By Don McAlavy: Local Columnist
On Dec. 28, 1999, I gathered together some old-timers, calling them the “Sons and Daughters of the Pioneers,” and took them to dinner at a nice restaurant. It was about remembering the old days.
The guests were Lynell Skarda, T. E. Willmon Jr., Jim Burns, Dale Campbell and his wife, Annabel (Luikart), Marguerite Sellers, James Ridgley Whiteman, and Paul Dee Barnes and his wife, Nancy. Chick Taylor Sr. and Lee Ross Hammond had planned to be there too, but Chick was down with the flu and Lee Ross was out at his ranch on the Frio Draw with electrical power failure.
What was unique was some of these old-timers were still running businesses their fathers started.
“I invited you all here because you have fathers and mothers who were pioneers in this area,” I explained, “and you are all still active in the community following in your parents’ footsteps.”
After dinner, we began the discussion by explaining that Chick Taylor revealed he was 94 years old and could remember coming to Clovis with his parents in 1909 at age 4.
One by one the guests at the table verified pieces of historical information, or to tell a story about people or events in Clovis history.

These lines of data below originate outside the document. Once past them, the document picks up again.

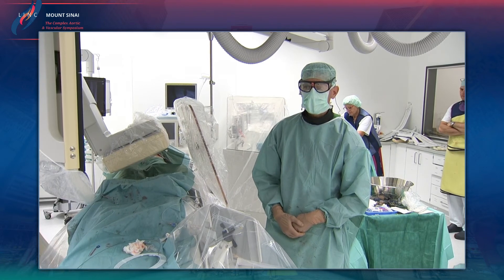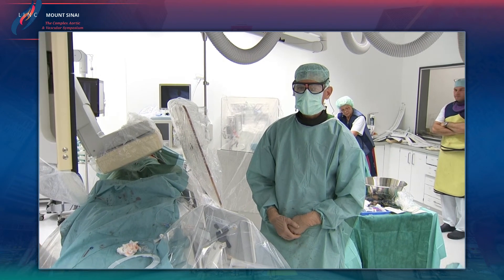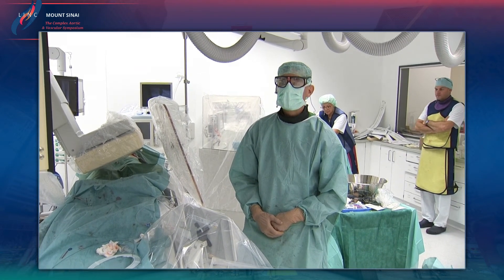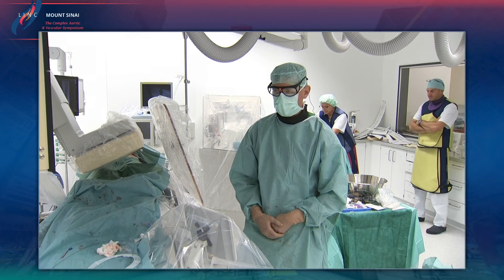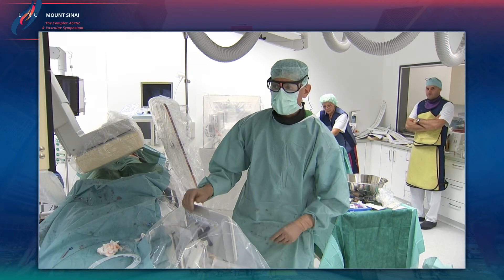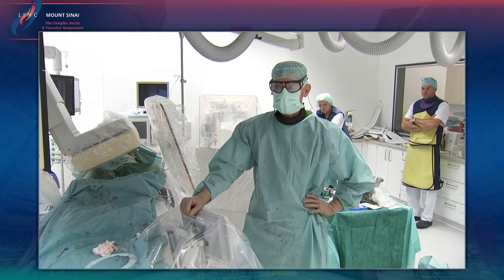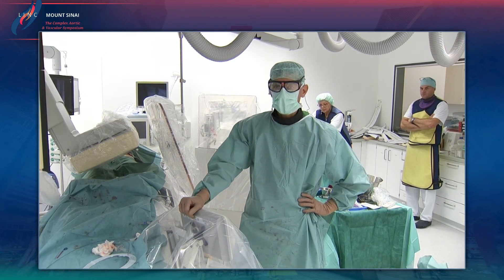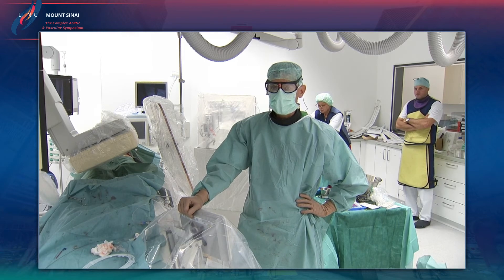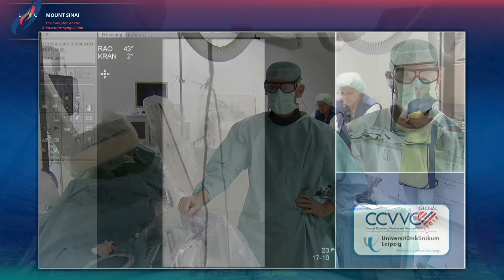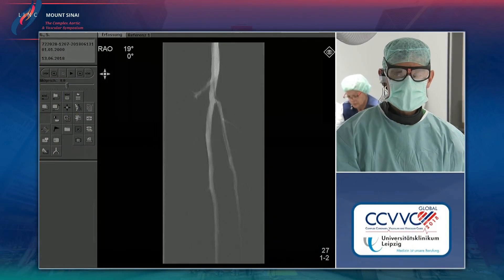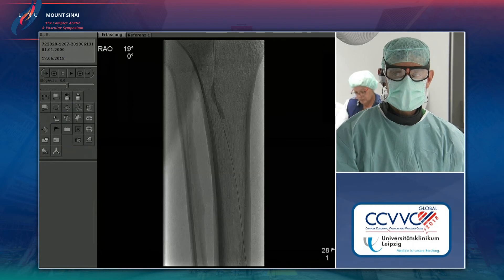Before starting the next case, the team briefly returns to show the final result of the previous case. After ballooning, atherectomy was performed with a TurboHawk, and Sven scrolls back to the final images.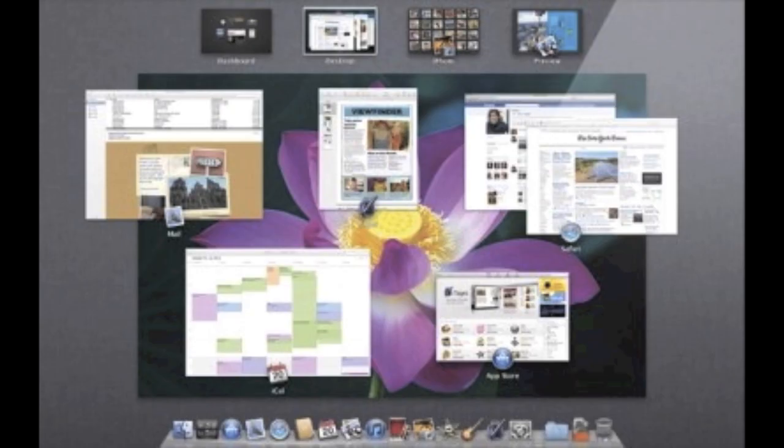Now the next new feature of Mac OS X Lion that I'm going to talk about is called Mission Control. It's kind of similar to Exposé, but as you can see here, it's like Exposé like I said, but the applications are grouped together. So there in the top right area, you can see that there are two Safari windows, and they're grouped together.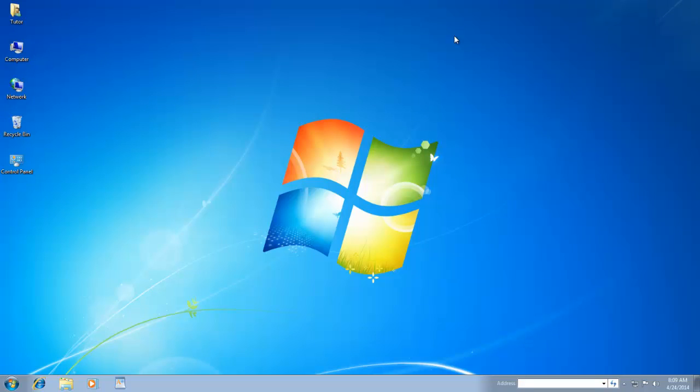Hello everyone, and welcome again to our Windows 7 Beginner to Advance Video Training Series. In our today's lesson, we will learn about another feature of Ease of Access Center.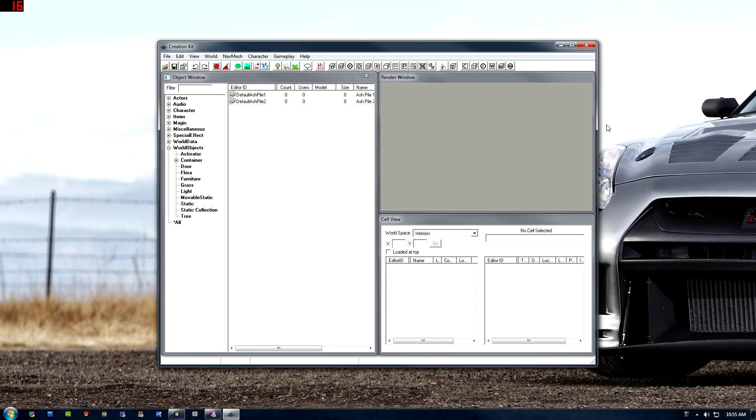I'll close Steam down and there we go, we're in the Creation Kit. To be honest, I have no idea how to run it quite yet, but I'm going to get into it once I finish making this video. But hopefully this helps you guys get your hands on the Creation Kit.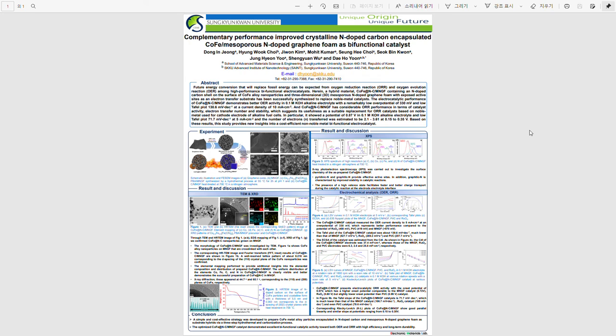In oxygen reduction reaction LSV curves, 0.87V showed lower performance than Pt/C, but KL plot proved that electron mobility is the best. Through the above experiments,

My father-in-law, Ridge Whiteman, talked about his father, Levi J. Whiteman, coming to this area in 1905, and becoming a printer. It was Levi J. Whiteman and Chick Taylor Sr. who taught me the printing trade.
Another son of a Clovis pioneer, Lynell G. Skarda, talked about the banking industry in Clovis’ early days. His father, A. W. Skarda (some called him the Great White Father), homesteaded in Quay County in 1906 and began his banking career in 1907 in Clovis.

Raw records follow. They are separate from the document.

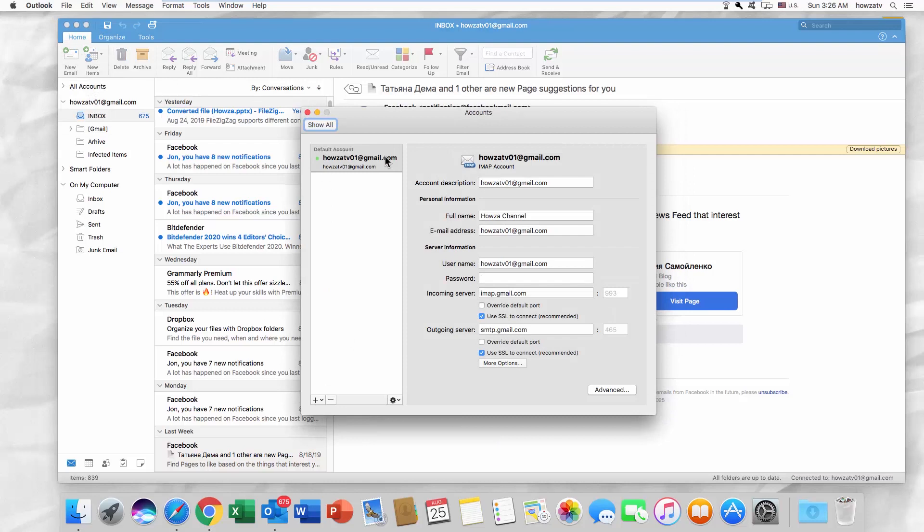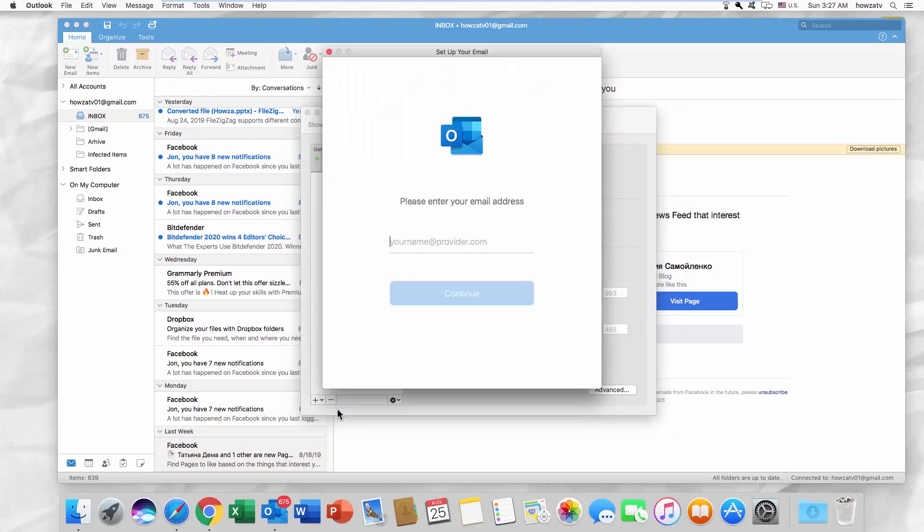Click on the plus icon and select New Account from the list. Enter the email address. Click on Continue.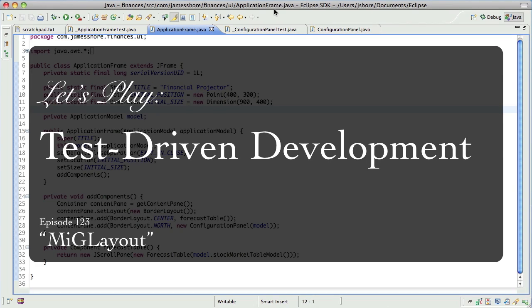Hello, everyone. This is James Shore with another test-driven development video. Today is June 30th. I'm picking up where I left off.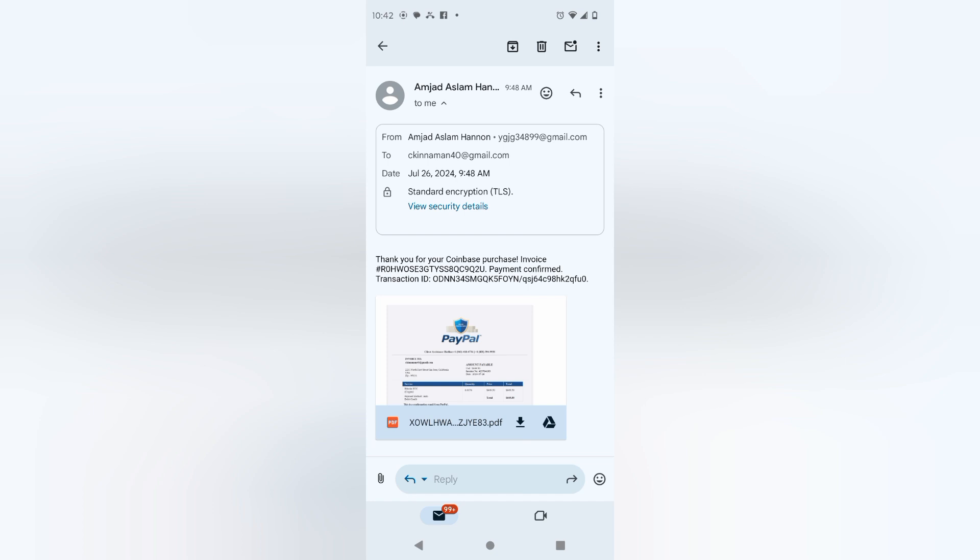You know, that this scam is still out there. So for anybody that doesn't really know about the scam, they're making you think that you made a purchase that you didn't actually make.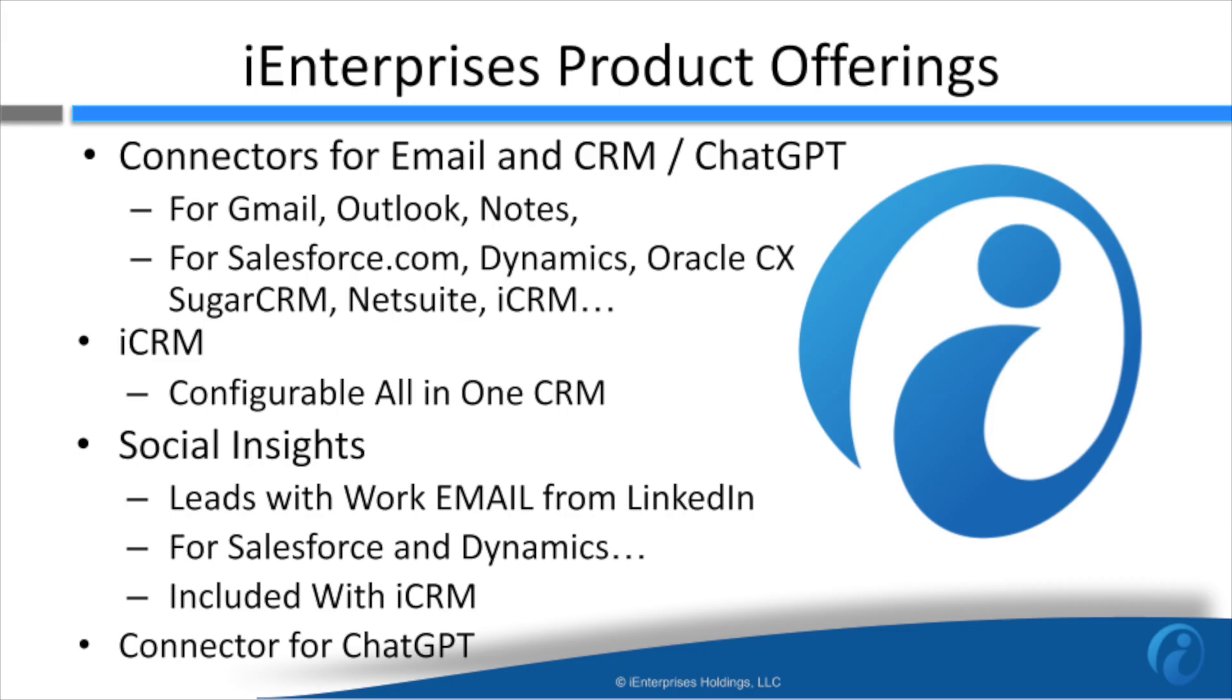The URL to install the connector for ChatGPT is below. We also included our other connector URLs that allow you to integrate ChatGPT, Gmail, and Outlook with popular CRMs, such as Salesforce, Zoho, and Microsoft Dynamics.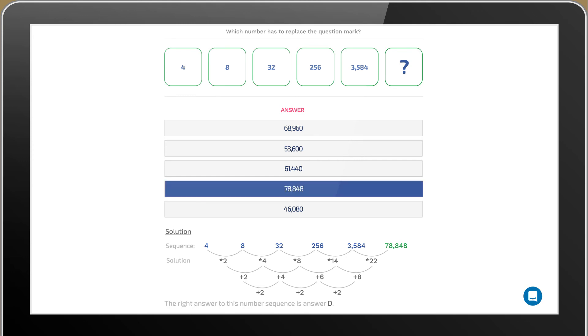Which brings us to the answer of 78,848. The right answer to this number sequence is answer D.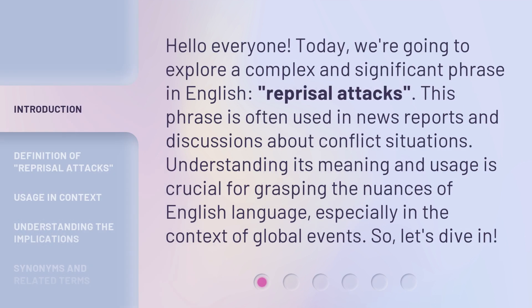Hello everyone! Today, we're going to explore a complex and significant phrase in English: Reprisal Attacks. This phrase is often used in news reports and discussions about conflict situations. Understanding its meaning and usage is crucial for grasping the nuances of the English language, especially in the context of global events. So, let's dive in.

“Together with Sid Boykin,” said Lynell, “my father formed the Farmer’s Bank, which later merged with Citizens Bank and eventually became Citizens Bank of Clovis. My father became president of the bank in 1940.”
Longtime real estate and abstract businessman James F. Burns explained that his father, Frank S. Burns, came to the Clovis area from Kansas in 1906. “My father, with four other men, built Sacred Heart Catholic Church in 1912.”
Recognizing the close ties within the then-small Clovis community, I pointed out that Jim Burns’ sister, Kathryn, is the wife of Lynell Skarda.
Many stories came up about Dale Campbell’s father, G. A. Campbell, as I circulated an 18-by-20-inch photograph of G. A. among the guests.
“My father,” said Dale, “established a five-and-dime store in Texico in 1906.
Eventually he owned an ice cream business and a soda pop bottling company on Fifth Street, off Main, in Clovis, and later the Coca-Cola bottling, Campbell Dairy and Ice Cream and distribution business at 14th and Main.”
Annabel Campbell talked of her father and mother, John and Alice Luikart, telling the story of her father fighting Pancho Villa at Columbus, N.M., in 1916 and her mother dressing up as an ugly poor wench and going door to door begging for sustenance.
“She fooled a lot of people, but had a ball doing it,” said Annabel.
T. E. Willmon Jr. told several good stories, about his experience and the banking business, too. His pioneer father was Thomas Ezell Willmon, farmer and merchant.
Marguerite Sellers made a few date corrections to some of the stories by some of the guests. Her father was Joseph F. Sellers, a merchant, and was credited for the first phone line north of Clovis.
Later I received calls from other old-timers, and we had another gathering in September 2000.